Peki şimdi adam ne diyor? “Teslimiyetin olduğu yerde gerçek bir umut olmaz” diyor di mi?

Umut nedir?

"Daha iyi için aktif bir arzu duyma hali” değil midir? “Arzu duyduğun şey için eyleme geçmezsen daha iyi, sana gökten elma olarak düşecek” değildi mi?

Peki, insan umut etmeden yaşayabilir mi?

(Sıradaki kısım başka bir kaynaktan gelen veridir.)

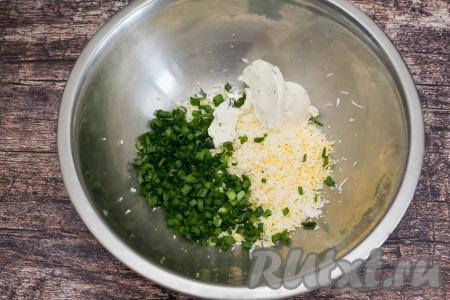 В миску с яйцами и луком добавить творожный сыр.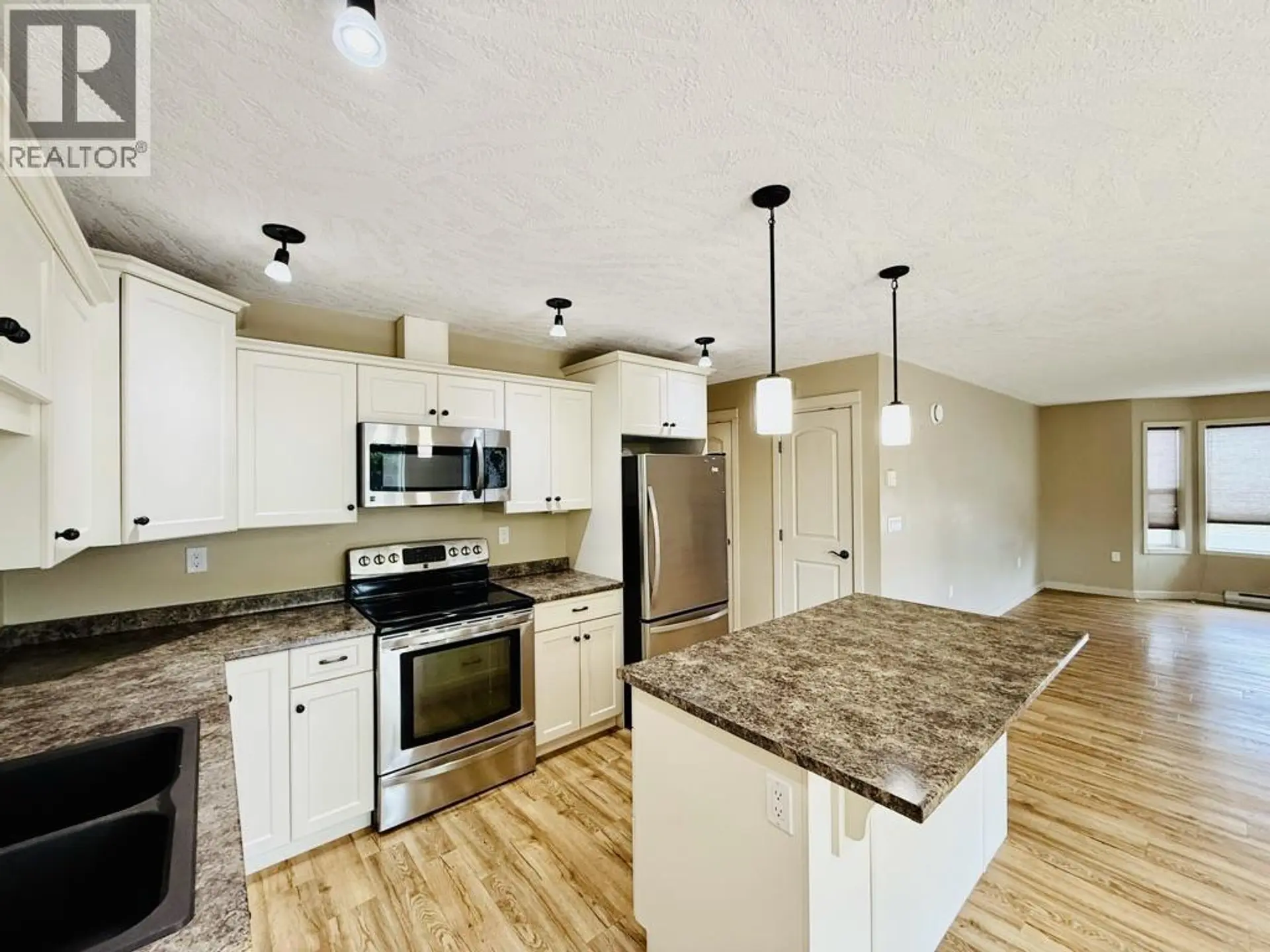 #2 3664 THIRD AVENUE - Image 5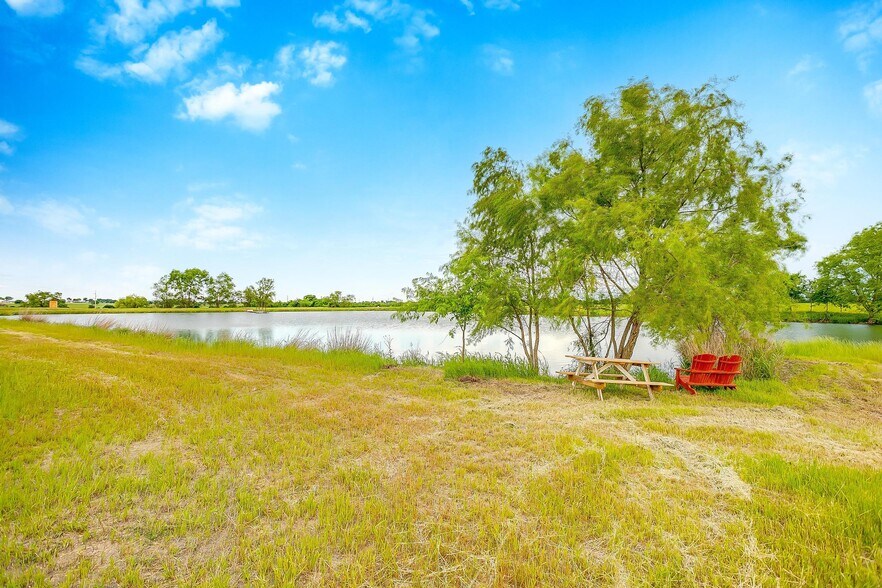 More Photos Of 2848 TX-81, Itasca Land For Sale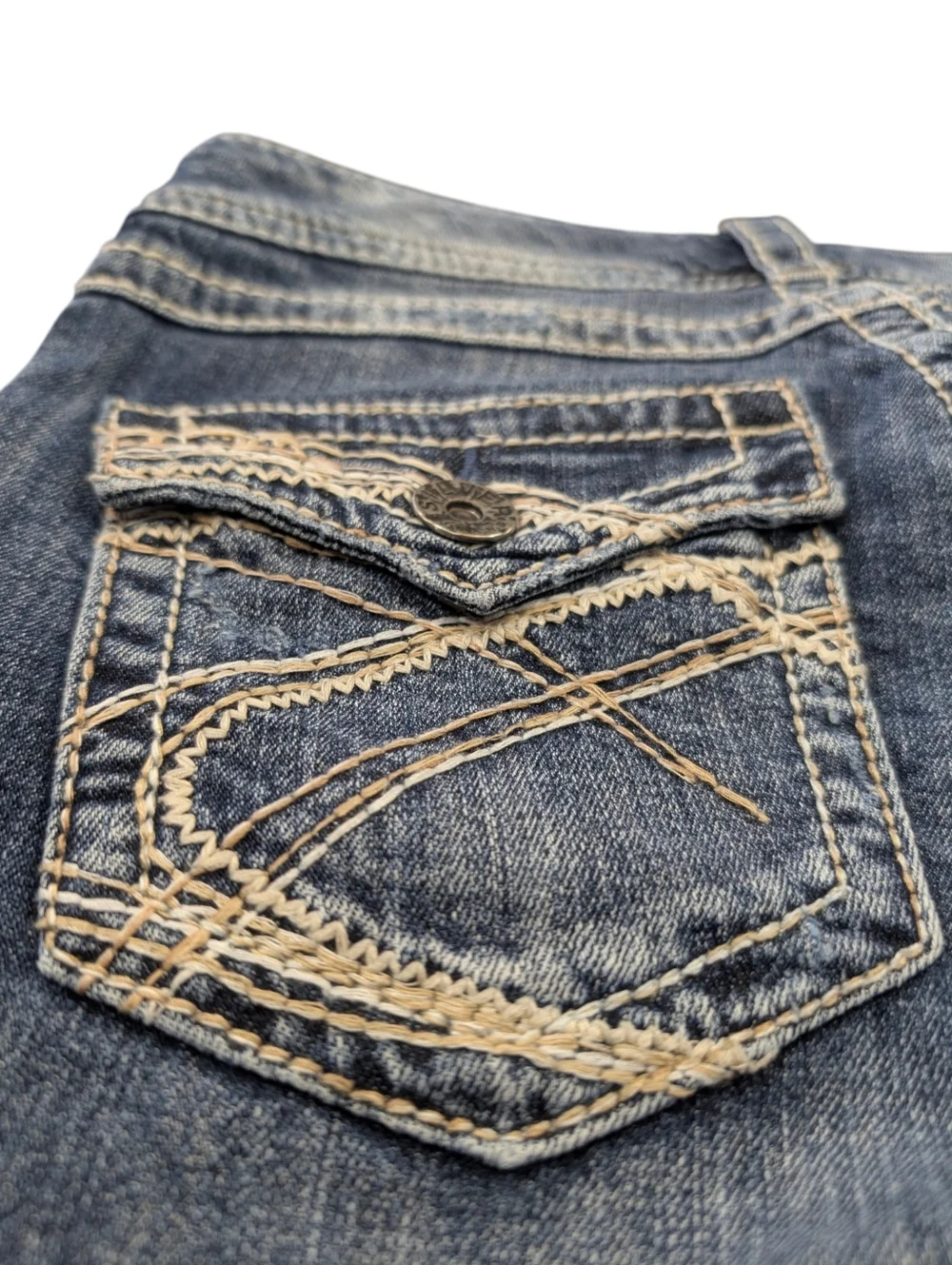 Vintage Y2K Silver Jeans Suki Surplus Capri Distressed Cotton Jeans. Size 28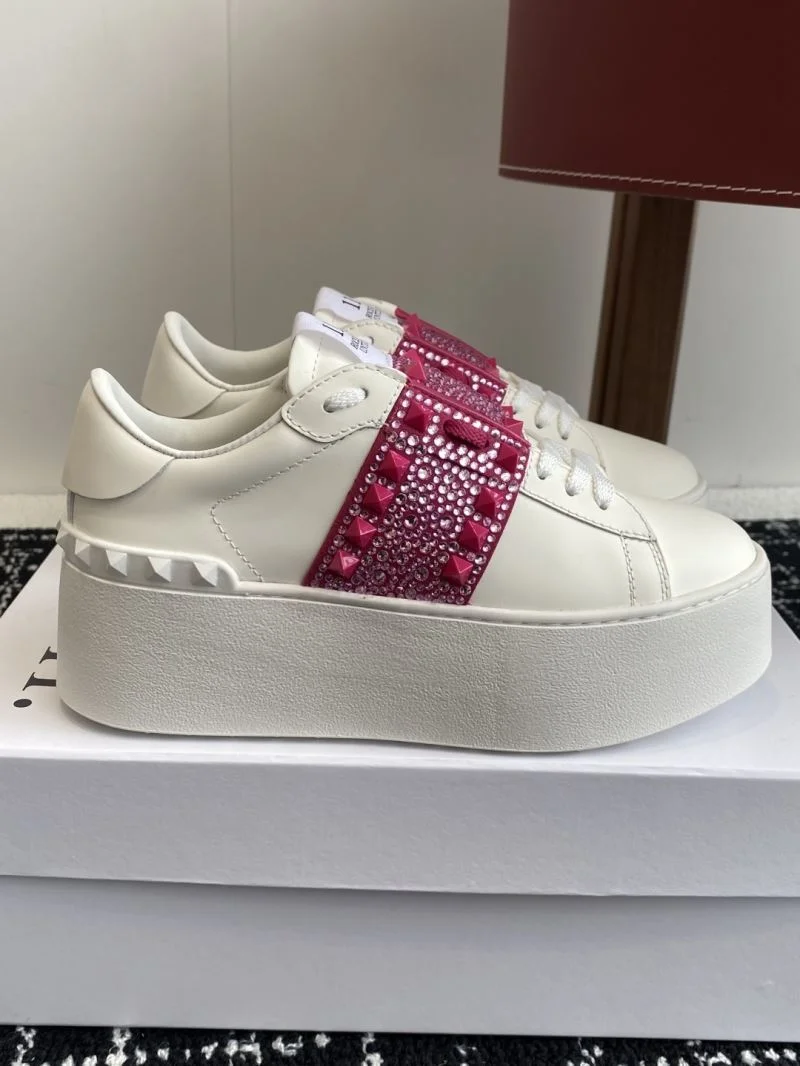 Lightweight Valentino Rockstud Untitled Shoes 36117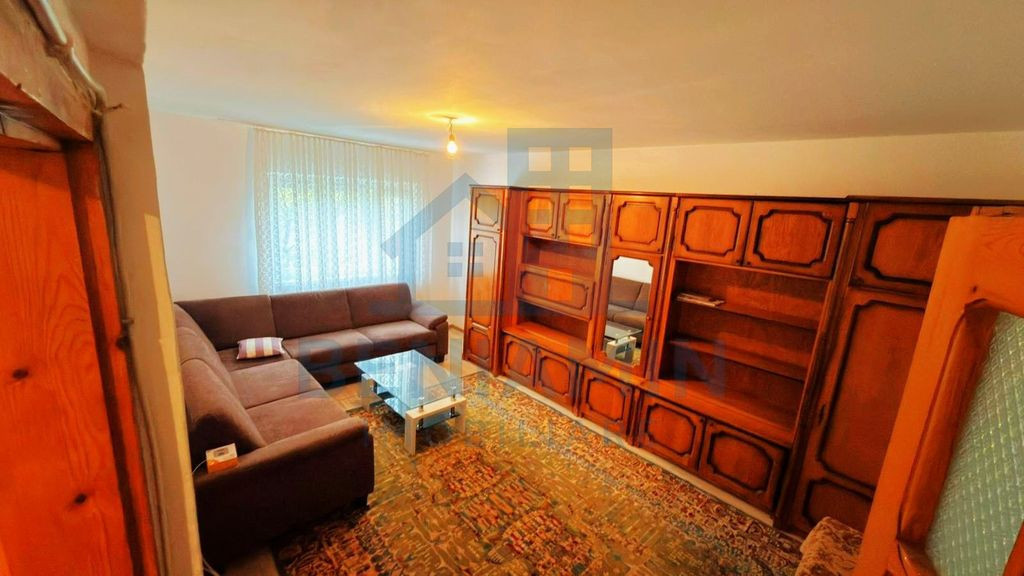 Vanzare apartament 3 camere decomandat | 1 Mai | Spate Ka...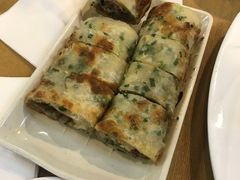葱饼卷牛肉-台北楚楚园馅饼粥(虹桥南丰城店)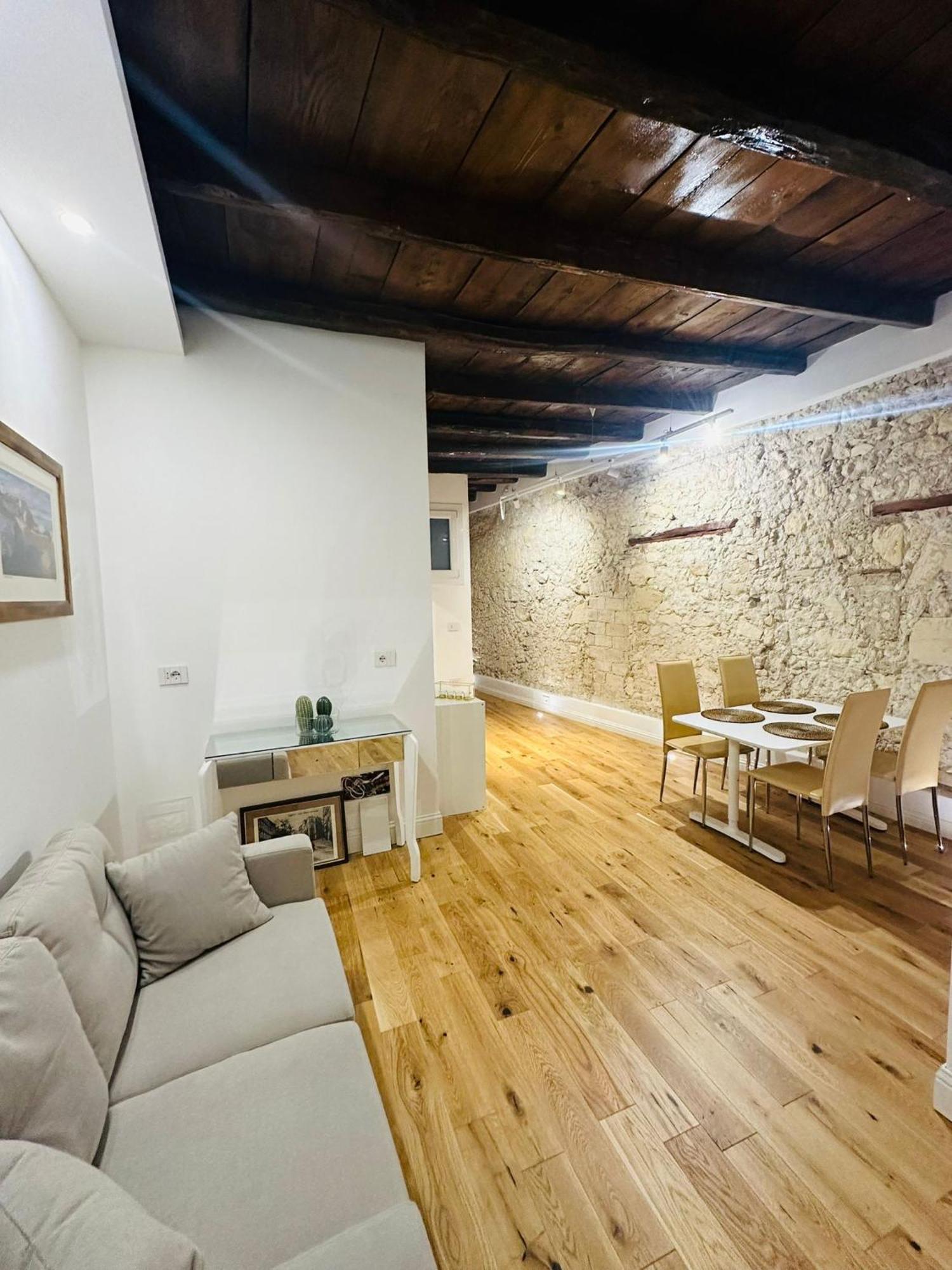 Antico Corso Charme Bed & Breakfast Cagliari Exterior photo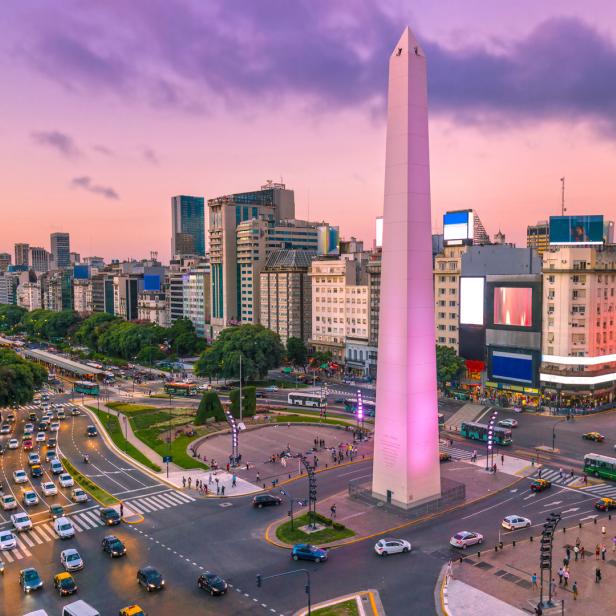 Die Avenida 9 de Julio ist eine der Hauptverkehrsadern in Buenos Aires – und eine der breitesten Straßen der Welt.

Hayatın anlamsızlığı içinde kendini kandırma hali mecburi umuda dayanmaz mı? Yaşamak için bir şeylere tutunmak zorunda değil misin?

Demek ki teslimiyet varsa umut yoktur, umut yoksa yaşamak da yoktur.

Buraya kadar çıkan sonuç nedir? İtaat eden, kabullenen, teslim olan kimse hiçbir şeyi değiştiremez!

Bir şeylerin değişmesini isteyenin önce baş kaldırması gerek o halde.

Witgenstein ne demiş biliyor musunuz? Demiş ki: “mahrem bir dil diye bir şey yoktur. Kafanızın içinde başkaları tarafından farkedilmeyen düşünce var sayılamaz.”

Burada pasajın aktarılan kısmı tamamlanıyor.